US Senate passes 'Hate Crimes Act' in overwhelming vote

Sen. Mazie Hirono D-Hawaii speaks during a news conference on Capitol Hill in Washington on April 13

Mazie Hirono which seeks to condemn and punish anti-Asian American hate crimes in the USA, specifically those stemming from what Democrats have labeled as racist COVID-19 characterizations.

More than just a statement against anti-Asian hate, the bill directs the Departments of Justice and Health and Human Services to issue new guidance on the rise in violence against Asians amid the coronavirus pandemic.

Hirono's bill came forward following the shooting of eight people, including six Asian women, at several spas in the Atlanta area last month.

In a rare, if fleeting, moment of bipartisanship on Capitol Hill, senators approved the bill 94-1. Police have seen a noted uptick in such crimes against Asian Americans and Pacific Islanders.

Activists and police said anti-Asian sentiment was fed by comments from former President Donald Trump blaming the pandemic on China using terms such as "kung flu".

Illinois. Sen. Tammy Duckworth, a former Army helicopter pilot who lost her legs during a 2004 attack in Iraq, said she had been asked what country she was from while wearing her US military uniform. It is "proof that when the Senate is given an opportunity to work, the Senate can work to solve important issues", he said.

Senate Minority Leader Mitch McConnell, whose wife Elaine Chao is Asian American, was among Republicans who got behind the legislation. The hate crimes legislation is the first byproduct of that agreement. Some said it need not be the last.

President Joe Biden has said he is eager to sign the bill into law.

The bill now heads to the House of Representatives, where it's expected to pass with wide bipartisan support. "That doesn't mean we forgo our principles". "It means we try to work with our Republican colleagues wherever we can". The violence against Asian Americans became a national talking point after racist attacks against elderly Asian Americans proliferated the news earlier this year. More than 3,000 incidents have been reported to Stop AAPI Hate, a California-based reporting center for such crimes, and its partner advocacy groups, since mid-March 2020.

Speaker Nancy Pelosi said the House would take and pass the Senate legislation next month.

Democratic Sen. Mazie Hirono of Hawaii worked with Republican Sen.

The bill, called the COVID-19 Hate Crimes Act and led by Democratic Sen.

More recently, Japanse Prime Minister Yoshihide Suga made the surge of hate crimes in the worldwide concern, telling reporters in the Rose Garden on Friday that he had brought up the issue with Biden during their in-person bilateral meeting.

Republicans agreed to back the bill after the Senate also voted on and rejected a series of GOP amendments, including efforts to prevent discrimination against Asian Americans in college admissions and reporting about restrictions on religious exercise during the pandemic.

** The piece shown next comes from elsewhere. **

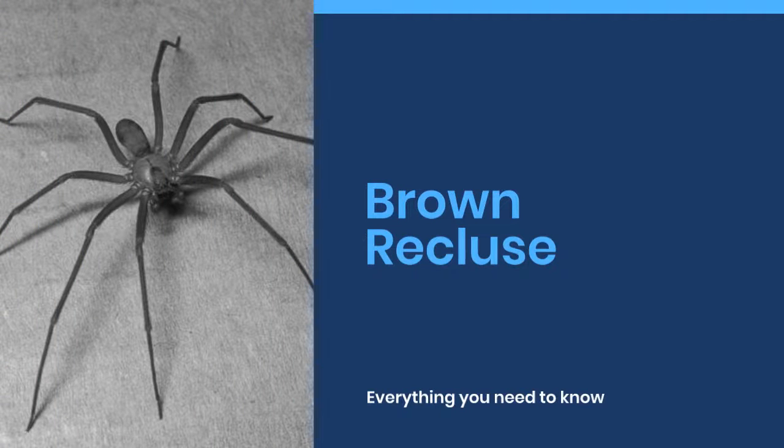Welcome to World Cool Facts. Today we are going to share some amazing facts about the Brown Recluse. We bring you amazing cool facts about everything in this world. If you love learning about the amazing things in this world, give this video a like and subscribe to our channel. We hope you enjoy.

Missouri GOP Senator Josh Hawley was the lone "no" vote. Richard Blumenthal (D-Conn.) and Jerry Moran (R-Kansas), to provide federal funding to conduct broader studies about the number of hate crimes every year.

Democrats like Hirono hailed the bill as an incentive for the federal government to make "informed decisions" about biases against Asian Americans even when "people's hearts and minds" won't change.

"For more than a year, Asian Americans all across our nation have been screaming out for help", Meng said, and the Senate showed that "they heard our pleas".